[VITELLESCHI, Mutio?]. Directorium in exercitia spiritualia. (with) Epistolae praepositorum. (with) Index Generalis.

Antwerp, I-II) apud Joannem Meursium, III) apud Ioannem Meursium, 1635 [i.e., Amsterdam, Daniel and Louis III Elzevir for Jan Schipper, c.1653-71].


8vo. 3 works in 1, pp. 128 (xxiv); 448 (viii); 288, without final errata as often, probably indicating first issue. Roman letter, with Italic. Separate t-p to each with woodcut vignette with St Ignatius crowned by angels. Edges a bit dusty, very minor toning, the odd spot, paper flaw to lower blank margin of N2 and small damp stain to lower blank margin of one gathering of second. Good copies in contemporary vellum, dusty, yapp edges, titles elaborately inked to spine in red and gold (oxidized) with floral decorations and IHS monogram. C18 armorial bookplate ‘D. Henr. Ios. Rega. Med. Doc. Proff. Prim’ and finely engraved C17 bookplate of Petrus Ludovicus Danes Casletanus to front pastedown, C19 ex-dono label of Antonius Joannes Philippus Wemaer, C19 book label ‘Bib. F.F. Min. Cappuccinorum’ and stamp of Capuchins’ library of S. Maria Angelica in Bruges to ffep.
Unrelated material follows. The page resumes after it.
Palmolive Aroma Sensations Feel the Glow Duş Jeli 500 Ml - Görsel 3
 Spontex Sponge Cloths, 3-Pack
Good copies of these forged editions of three major Jesuit works probably compiled by Mutio Vitelleschi (1563-1645). He was the Sixth Superior General of the Society of Jesus, and professor of theology, philosophy and logic at Roman Collegia. These three works gathered together important texts for the continuing education of Jesuits worldwide, as reliable, approved reference manuals. ‘Directorium’ is an introduction to the meaning, purpose and techniques for undertaking St Ignatius’s spiritual exercises and meditation, spanning the course of a four-week retreat, on Christ’s life and suffering. The ‘Epistolae’ is a collection of letters from major figures of the Order (St Ignatius, Aquaviva, Mercuriano, Borgia, Laines and Vitelleschi) to superiors and members on theology and the Jesuits’ spiritual mission. The third work, a detailed ‘Index generalis’ of the ‘Institutiones’, reveals the original context of these works, part of a 16-volume series called ‘Corpus institutionum societatis Jesu’. Separately printed, they were found as stand-alone or bound, as in this case, in a sammelband of two or three. Whilst the first edition of the ‘Corpus’ was published by Jan Meurs in 1635, the present copies were published two to three decades later by Jan Schipper in Amsterdam, without the license of the Society of Jesus. A distinction is the spelling ‘Joannem’ with a J on the t-ps of the first and second, as well as the woodcut vignette of St Ignatius with the Latin motto on all three. Two theories have been put forward. First, a copy of the 1635 edition was seized in England during the Cromwellian era and sent to Amsterdam (Sommervogel V, 81, add.); or second, according to a Jesuit’s account from the 1660s, copies of the original were found on board a Portuguese ship bound for Brazil, captured and taken to Holland during the Dutch-Portuguese War (1653-57) (Begheyn, ‘De Elzeviers’, 65). Because Schipper often employed other printers for his publications, and on the basis of a close analysis of initials and ornaments, this edition has been attributed to the press of Daniel and/or Louis III Elzevir in the years 1653-71 (Miert, ‘Een onopgemerkte’, 131-38; Impe, ‘Corpus’). The pirated edition was probably intended for the Low Countries, where the Jesuits were flourishing; the early ownership of this copy can indeed be traced to Leuven. An important sammelband with editions of special bibliographical interest for Elzevir collectors—unnoticed by Willems.

This volume was once in the library of Petrus Ludovicus Danes Casletanus (1683-1736), professor of theology, influenced by Scholasticism, at Leuven in the 1730s. The following owner, Henri-Joseph Rega (1690-1754), was a Dutch physician, rector at Leuven. His interest in Jesuit theology probably urged him to take sides against the spreading Jansenism, which led to a fall in student numbers. In the C19, it belonged to Antonius Joannes Philippus Wemaer, professor of Physics at Ghent, and to the convent of the Capuchins in Bruges.

I) Backer-Sommervogel V, 81. Not in Willems.II) Backer-Sommervogel V, 81. Not in Willems.III) Backer-Sommervogel V, 81. Not in Willems. P. Begheyn, ‘De Elzeviers en de jezuïeten’, in Boekverkopers van Europa, ed. B.P.M. Dongelmans et al. (Zutphen, 2000), 59-76; L. van Miert, ‘Een onopgemerkte Elzevier-druk?’, Het Boek, 1923, 131-38; S. van Impe, ‘Corpus institutionum societatis Jesu’, in Jesuit Books in the Low Countries, 1540-1773, ed. P. Begheyn et al (Leuven, 2009).